Crowdfunding Challenges: No Name and No Supporters
The crowdfunding sphere is a very competitive one because of the low barrier to entry in the market as almost anyone can start a crowdfunding campaign with the click of a button on many popular online platforms. Today, there are over 1 million crowdfunding campaigns that compete for potential donors’ attention and money! For a startup non-profit, the biggest challenge is standing out in this space and competing with larger and more well-known organizations for crowdfunding dollars. What’s also difficult for early-stage non-profits, those without committed donors, is accomplishing the threshold of reaching 20% of your crowdfunding goal quickly, an important threshold for achieving legitimacy with new donors. Ultimately, the lack of brand recognition and difficulty of generating that initial buzz are major obstacles that an early-stage non-profit must overcome to execute crowdfunding successfully.
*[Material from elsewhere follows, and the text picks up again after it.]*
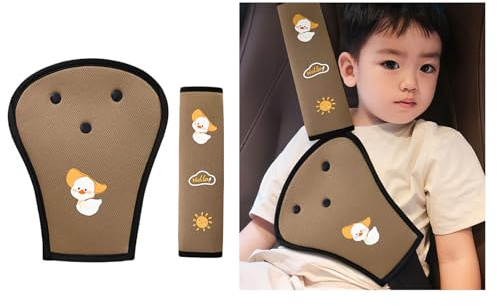 Furforstk protector cinturon coche niños 2 piezas almohadilla cinturon coche, almohadillas para cinturón de seguridad, Evita que los cinturones de seguridad aprieten el cuello y el abdomen, Marrón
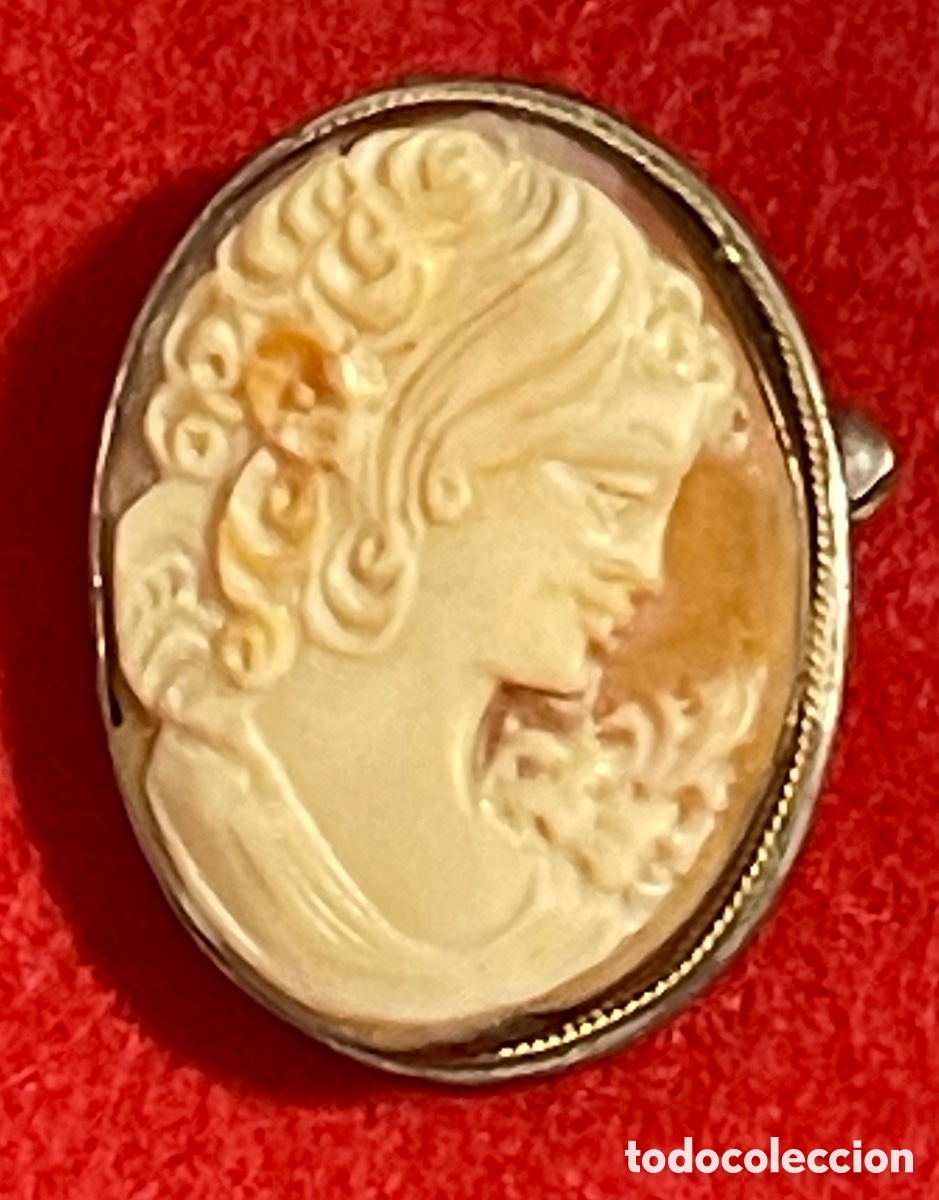 Joyeria: Hermoso broche-colgante, antiguo en plata de ley, con camafeo central.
Strategy: Targeting Influential Champions
In order to give Operation Hunger its best shot at crowdfunding, we had to think out-of-the-box in order to address the obstacles it faced. Since Operation Hunger did not have established donors already, we looked to target influential people who would champion Operation Hunger’s cause and help build the initial buzz it needed. Because Operation Hunger was starting at a grassroots level in DC, we first looked to local leaders that naturally would support Operation Hunger and attract people that would feel invested in its cause. Operation Hunger was already working with powerful professionals including lawyers and accountants in DC, so we wanted to target these people who could use their connections to draw attention to the non-profit. In looking at the founder’s football background, we also identified famous coaches and players who could tap into their social networks to help support the crowdfunding campaign. With these influential champions, Operation Hunger could overcome the limitations that it faces as an early-stage non-profit.
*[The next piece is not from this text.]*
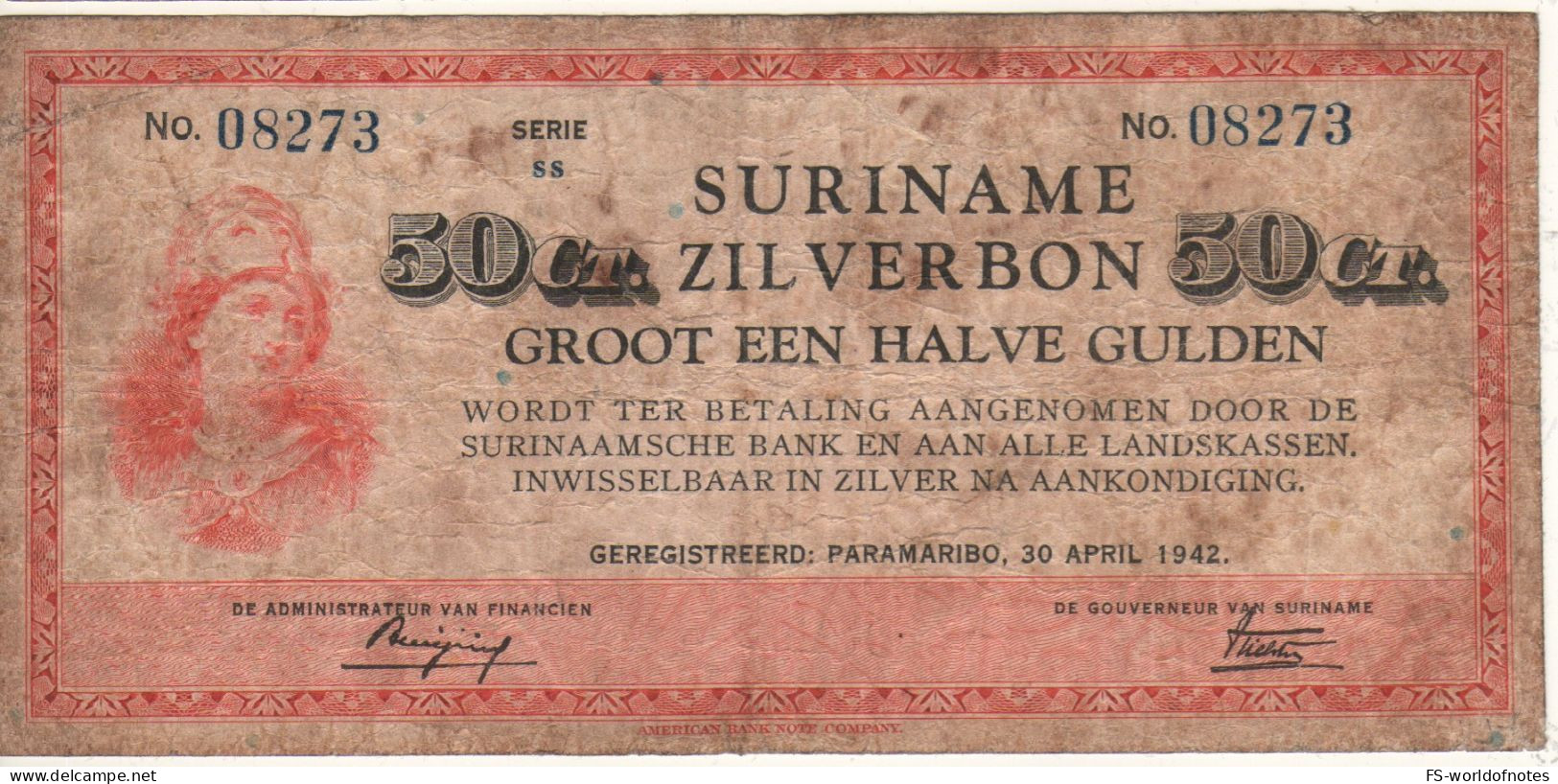 SURINAME   50 Cents = 1/2 Gulden   P104c   1942   ( Athena At Left ) - Suriname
Integration with Overall Fundraising: Project-Based Campaigns
In our work with Operation Hunger, we also wanted to make sure to integrate crowdfunding as a revenue generator seamlessly with other fundraising campaigns. During our research, we discovered that crowdfunding was far more effective when focused a specific program that had a clear end goal for which donors could see impact. For example, crowdfunding was far more effective in raising dollars to purchase new cooking equipment to kickstart a catering program compared to just raising funds to support Operation Hunger’s overall growth. Based off this insight, we proposed using crowdfunding to generate revenue for Operation Hunger’s expansion projects, while its other fundraising strategies would take care of general funds.